Astronaut photograph ISS016-E-18385 was acquired on December 23, 2007, with a Kodak 760C digital camera fitted with a 400 mm lens, and is provided by the ISS Crew Earth Observations experiment. The image was taken by the Expedition 16 crew, and is provided by the Image Science & Analysis Laboratory, Johnson Space Center. The image in this article has been cropped and enhanced to improve contrast. Lens artifacts have been removed. The International Space Station Program supports the laboratory to help astronauts take pictures of Earth that will be of the greatest value to scientists and the public, and to make those images freely available on the Internet. Additional images taken by astronauts and cosmonauts can be viewed at the NASA/JSC Gateway to Astronaut Photography of Earth. Caption by William L. Stefanov, NASA-JSC.
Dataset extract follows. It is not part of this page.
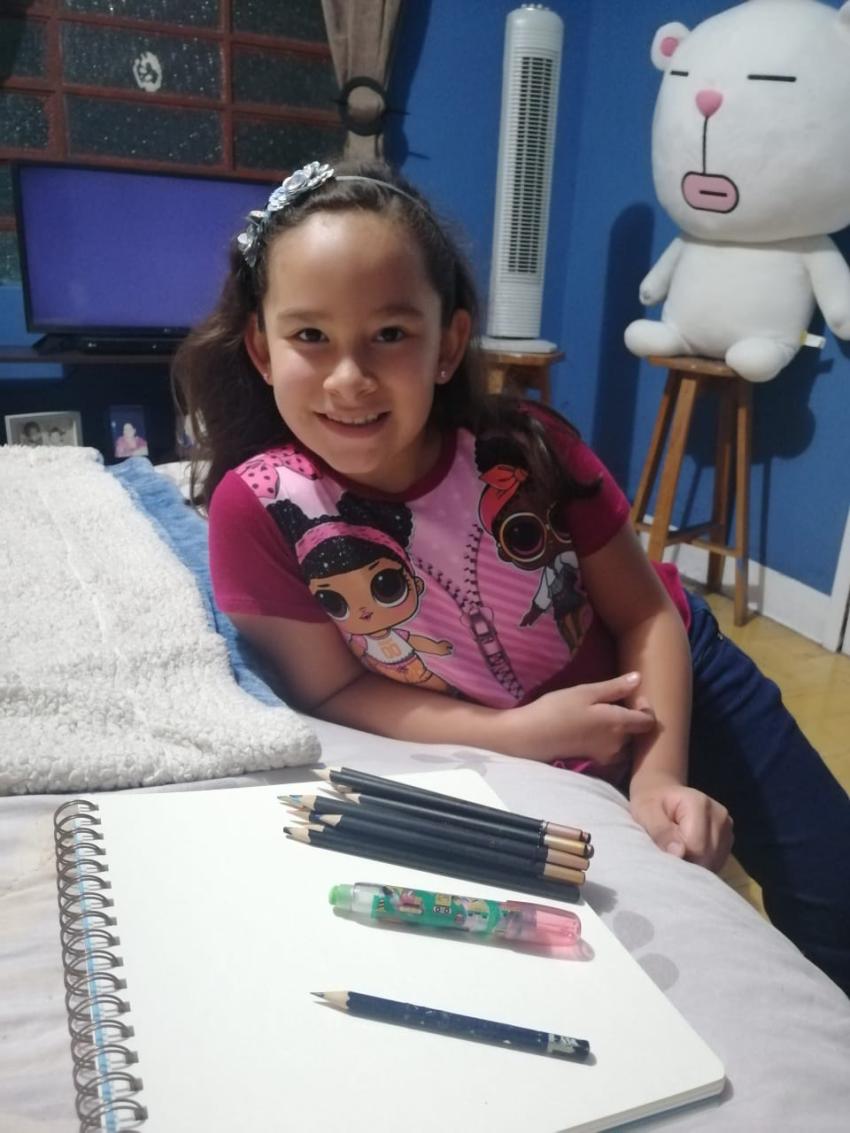 Expo de dibujo, Primaria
The Luquillo Mountains are located in the northeastern portion of Puerto Rico, and they rise to elevations of 1,075 meters (about 3,527 feet). The mountains are mainly made up of volcanic rock that was uplifted by tectonic activity between approximately 37–28 million years ago. (Puerto Rico is located between the junction of the North American and Caribbean tectonic plates.) Prevailing easterly winds bring moisture from the Caribbean Sea, which becomes precipitation as the winds cross the mountains. Higher elevations receive more rainfall than lower elevations, leading to subtropical forest types in the lowlands and high-mountain forest types near the summits. This astronaut photograph, taken during the rainy season, illustrates the rich vegetation on the mountains.
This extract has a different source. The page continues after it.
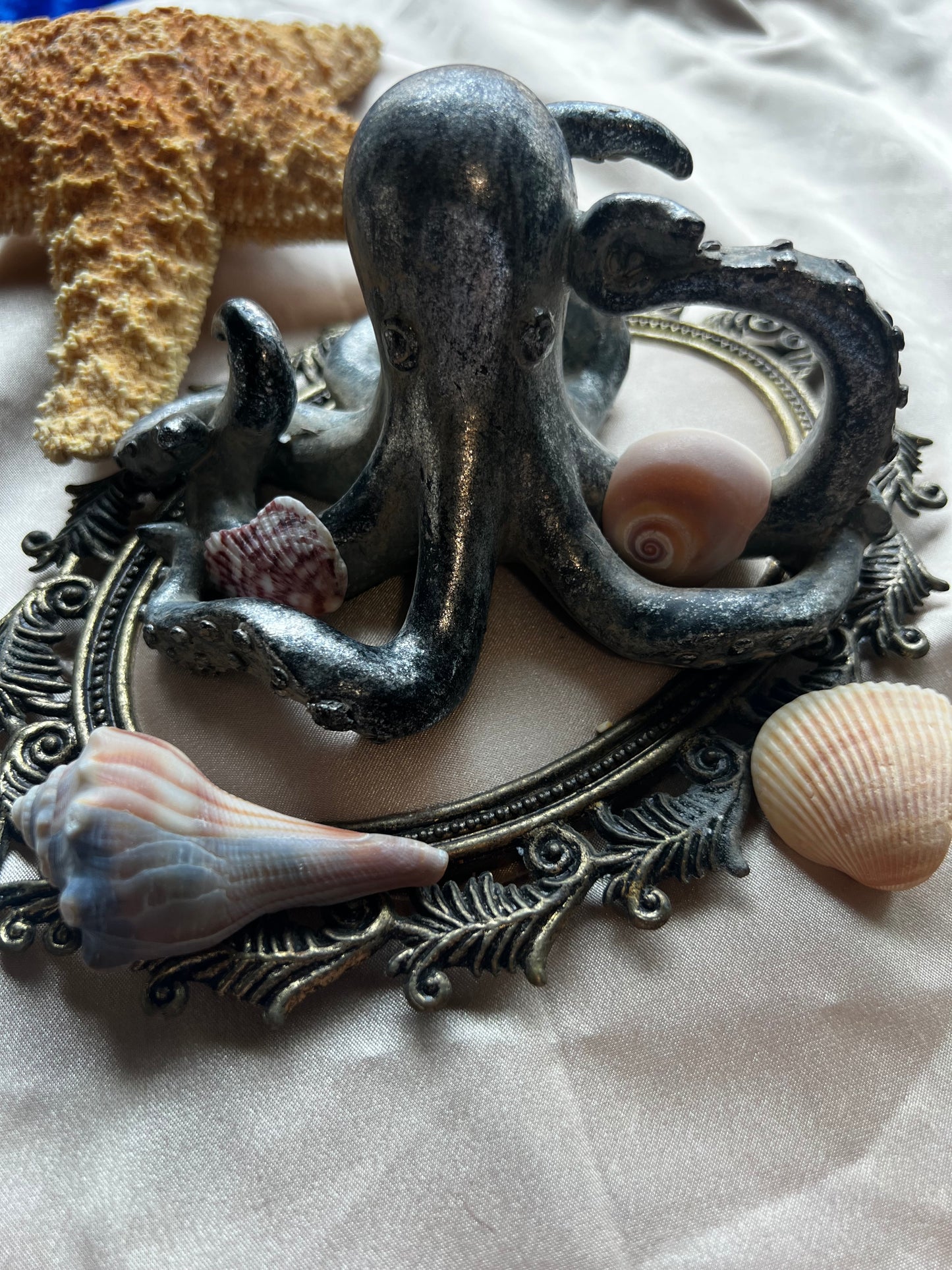 Octopus Statue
The rapid transition between ecosystems based on elevation, along with land use history and exposure to frequent natural disturbances such as hurricanes, makes the Luquillo Mountains an ideal location for ecological study. The Luquillo Experimental Forest Long-Term Ecological Research (LTER) site is contained within the Luquillo National Forest, covering much of the mountains to the southwest of the city of Luquillo (lower left). Past human activities, including logging, agriculture, charcoal production, and coffee plantations, have determined much of the current ecosystem structure. Results of research at Luquillo Forest indicate that the island’s forest ecosystems recover more rapidly from natural disturbances (like hurricanes) than they do from human disturbance.